More can be done with this embodied infrastructure. More should be. We can see this simply by observing peer networks in Europe, in Japan, in Russia and Australia and China. Indeed, with a proper investment program (as Michigan has already shown, with its investment in the Wolverine corridor), there is plenty of available infrastructure for more intensive passenger flows throughout the Midwest, without impinging on freight flows.

This map is representative of one possible service breakdown–in terms of city pairs linked and convenient transfers available–centered around Michigan, Indiana, and Ohio. Of what’s shown, three (WolverineBlue Water, and Hoosier) are currently available. Yet the infrastructure exists for much, much more.

Ohio is particularly bad in this regard. Passenger trains don’t pass through Ohio during the daytime (unless they’re horribly late); yet a dense web of corridors linking Cleveland, Columbus, Cincinnati, Detroit, Pittsburgh, Buffalo, and eventually Chicago existed historically and can still be developed today. It’s a question, as people like Cap’n Transit regularly say, of priorities and will.

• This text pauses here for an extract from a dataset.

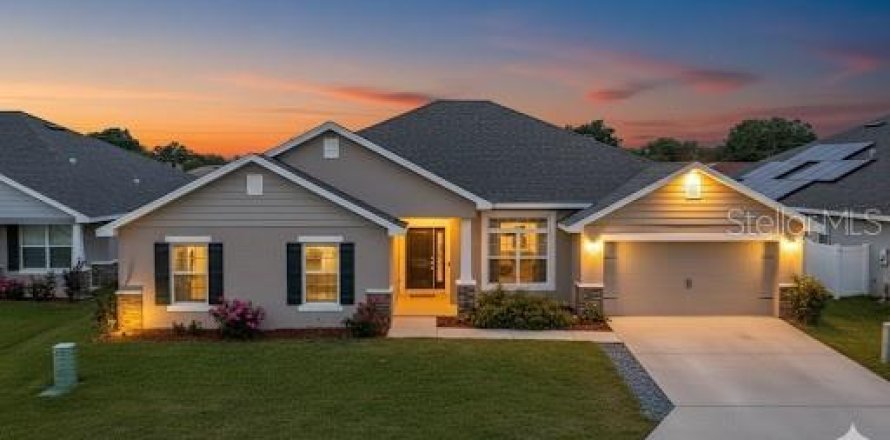 House in Ocala, Florida 4 bedrooms, 278.71 sq.m. № 2150479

But that is the heart of the problem, is it not? For every successful demonstration like the Wolverine, ten more corridors lie fallow, awaiting reactivation. It will take time, dedication, and patience, but in the long run, the Midwest can rebuild its rail network, and in so doing, offer an amenity that Northeasterners and Californians are–like Europeans, Chinese, and Japanese–so accustomed to that they don’t even notice is an amenity anymore.